Adapun Nopirin,  Ph.D dalam bukunya ekonomi internasional jilid 3 mengungkapkan setidaknya  ada 5 cara dalam hal pengaturan  perusahaan multinasional demi penghindaran efek buruk yang mungkin terjadi:


  1. Pengaturan tentang masuknya MNC. Pengaturan meliputi penilaian tentang kemungkinan efek suatu perusahaan multinasional di masa yang akan datang terhadap politik dan ekonomi negara yang bersangkutan. Jika penilaian ini menunjukkan kemungkinan yang sangat buruk atau dengan kata lain kerugiannya lebih besar daripada keuntungannya, maka perusahaan multinasional tersebut ditolak kehadirannya.
  2. Penentuan sektor-sektor tertentu yang sudah tertutup untuk investasi asing  atau penentuan pemilikan, sehingga memberi peluang pada wiraswasta local untuk ikut melakukan kegiatan atau mengambil keputusan.
  3. Negara penerima dapat mengatur kegiatan perusahaan multinasional dengan cara membatasi bahan yang diimpor, penentuan harga produk, pengaturan tentang kredit, pemilikan serta pengaturan tentang efeknya terhadap lingkungan.

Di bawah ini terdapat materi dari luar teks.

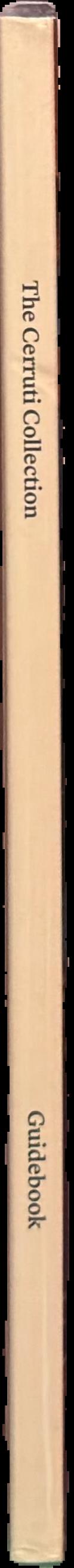 The Cerruti Collection : guidebook live spine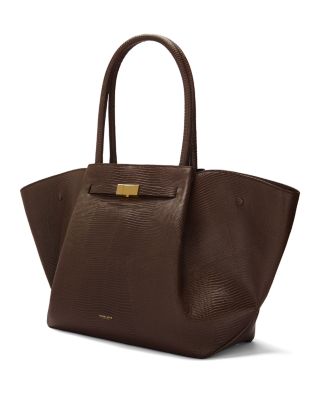 New York Embossed Leather Tote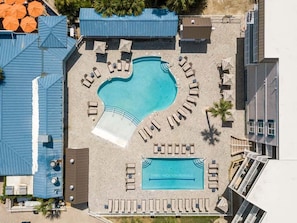 Community Pools Aerial View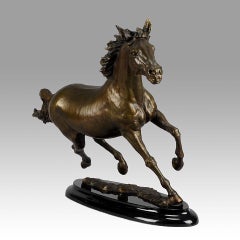 Limited Edition Bronze Sculpture Entitled "Turning Arab" by Steve Winterburn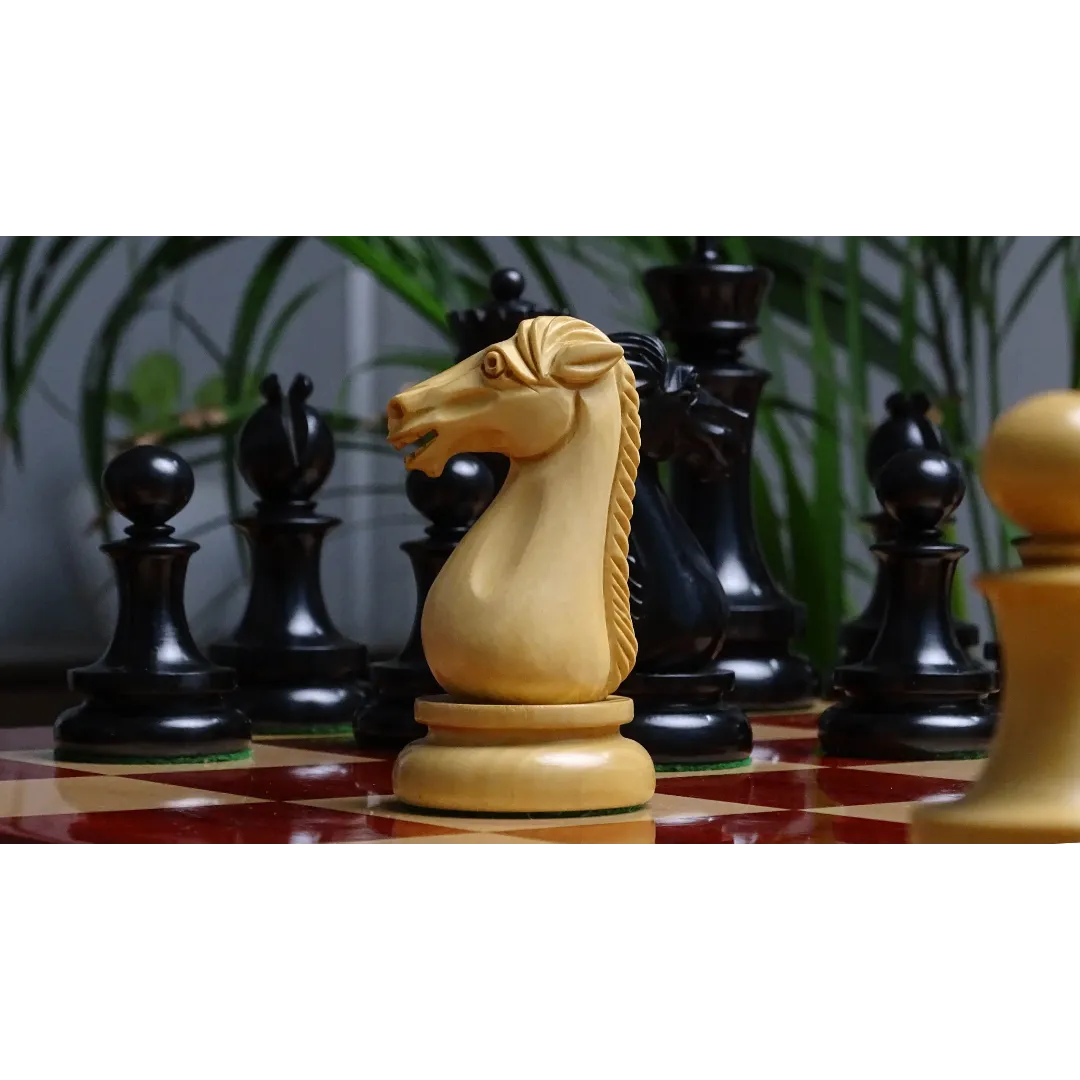 Tournament-Ready Dublin Chess Pieces - 4.5-inch King, Premium Ebony & Boxwood - Available at Chessetup Store.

  4. Negara penerima melakukan pengaturan tentang keuntungan yang boleh dikirimkan kembali ke negara induk.
  5. Negara penerima dapat melakukan nasionalisasi perusahaan multinasional. Biasanya ini adalah tindakan terakhir yang dilakukan suatu negara dan harus dipertimbangkan secara hati-hati karena hal ini dapat melenyapkan minat investor untuk berinvestasi di masa-masa yang akan datang.